U.K. paperwork changes affect family members
RAF MILDENHALL, England — Starting this week, military members who receive permanent change of station orders for the United Kingdom will have to ensure their family members have additional paperwork before arrival.
The British government now requires anyone staying in the country longer than six months to arrive with an entry clearance permit.
“Before you travel to the U.K., you need to get permission, really, to enter the U.K.,” said a spokeswoman with the Immigration and Nationality Directorate in London.
The new procedure is designed to bring the United Kingdom into compliance with the rest of the European Union. The law was enacted in November, but a two-month grace period was allowed. That period ended Tuesday.
Maj. Michael O’Connor of 3rd Air Force headquarters at RAF Mildenhall said the new law applies to family members and dependents of American military members, but not servicemembers themselves.
“You can no longer fly here with your family and show your passports and military orders and get in,” he said.
He said military members with orders to the United Kingdom must contact a nearby British consulate and fill out an application for anyone accompanying them to the assignment. The cost, which is reimbursable, will be 75 British pounds, but can be paid in whatever the currency of the originating country is. That’s about $140.
In America, applications will be handled at consulates in New York, Chicago and Los Angeles. Consulates in other countries where military members might be stationed when they receive orders can be identified on the Web site: www.ukvisas.gov.uk.
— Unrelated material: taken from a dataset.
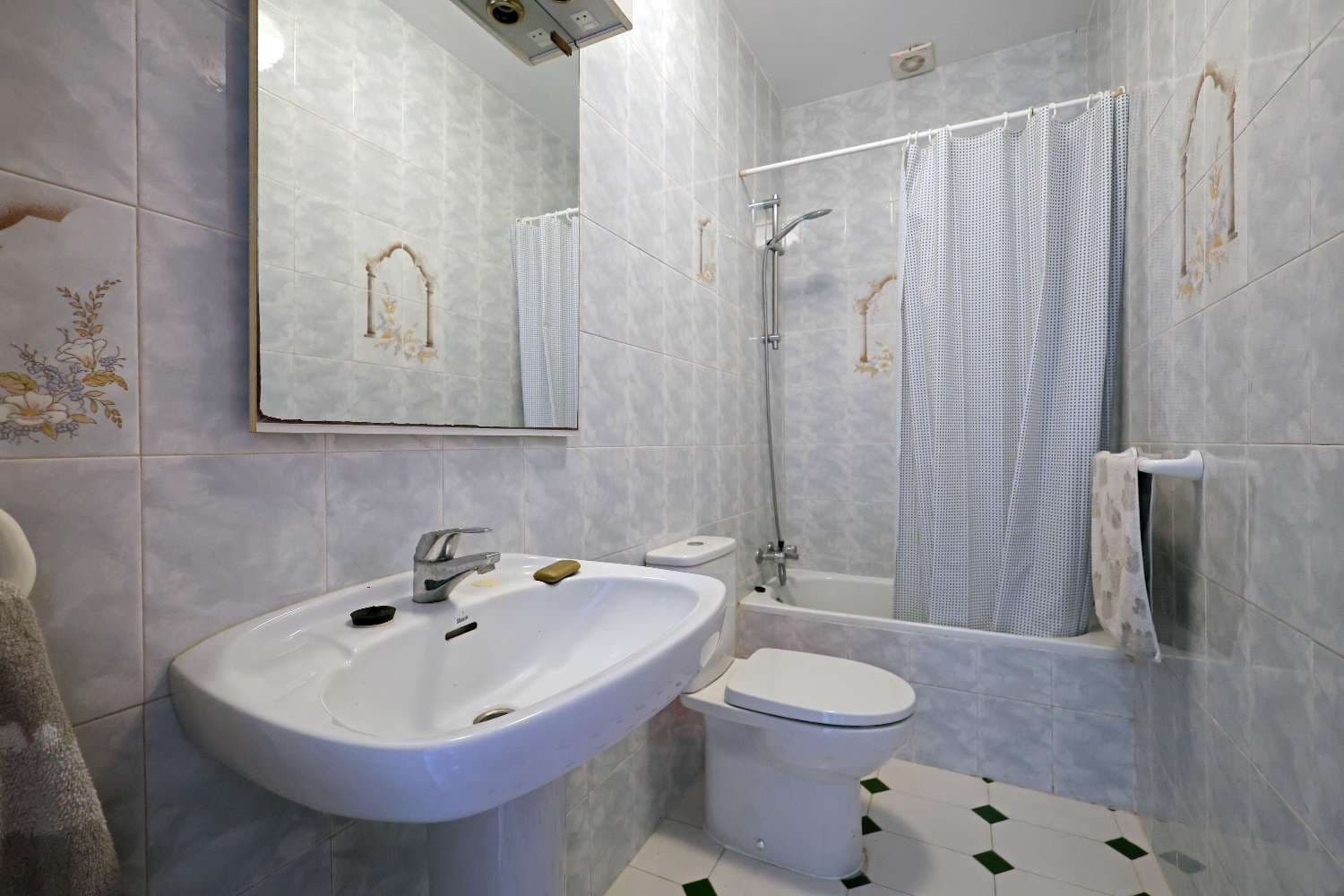 2 sypialnia Dom szeregowy na sprzedaż w Nerja z basenem - 289 000 € (Ref: 9390086)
Personnel offices also will have information.
“Their goal is to process it within one week of receiving it,” O’Connor said.
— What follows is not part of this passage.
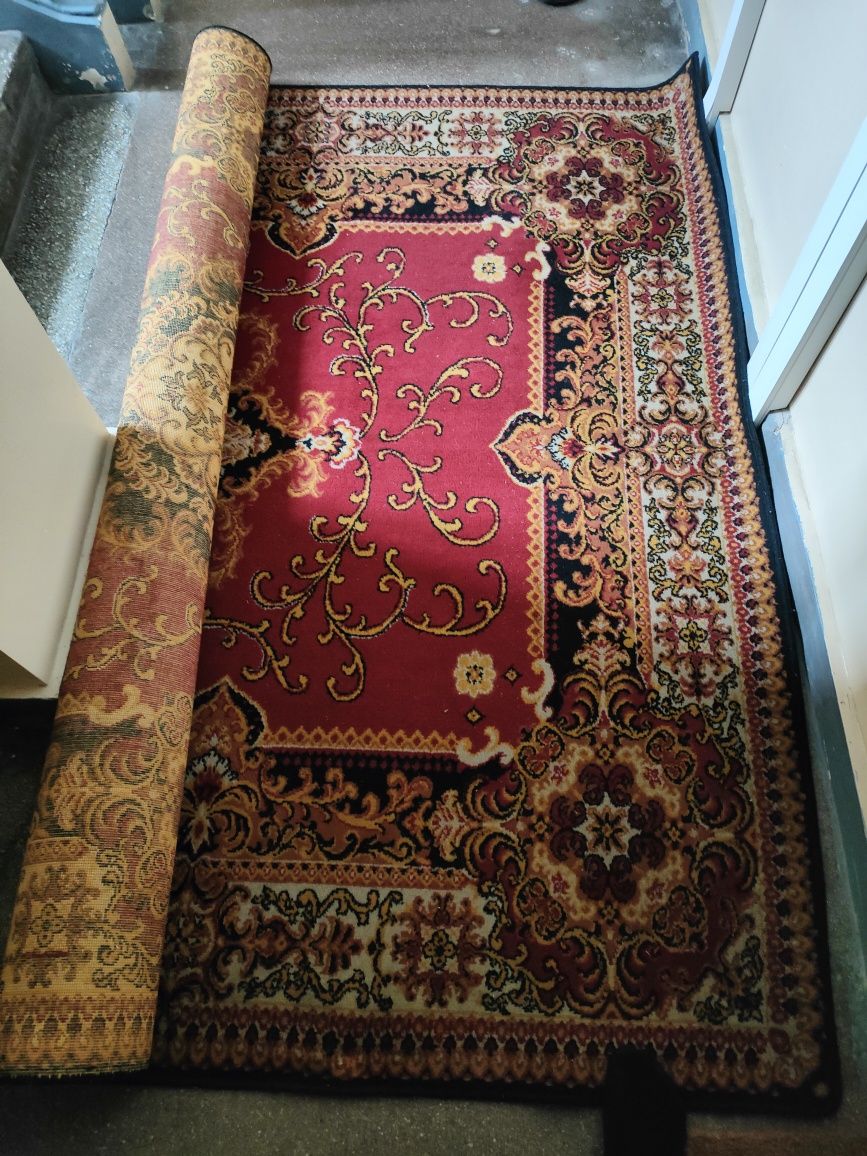 Dywan z wełną 200x300 w bardzo dobrym stanie, bez plam, na d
O’Connor said Third Air Force has had discussions with the British government to tweak the application process for military families.
“The application form applies to everyone who is coming to the United Kingdom for visits of six months or more,” he said. “It’s not geared for military people assigned here.” For example, it asks for information regarding bank accounts.
O’Connor said the government has agreed to “streamline” the application process for U.S. military members’ families.
“They’ve totally agreed to work with us in the parameters of their own guidelines and rules,” he said.
The definition of “dependent” must also be redefined for Americans. For the British, it refers to children under the age of 18. American military members may travel with older children or a parent to a new assignment. Those applications will require more time for processing.
O’Connor said the grace period ended only Tuesday, but the first reports from the field show it to be working well.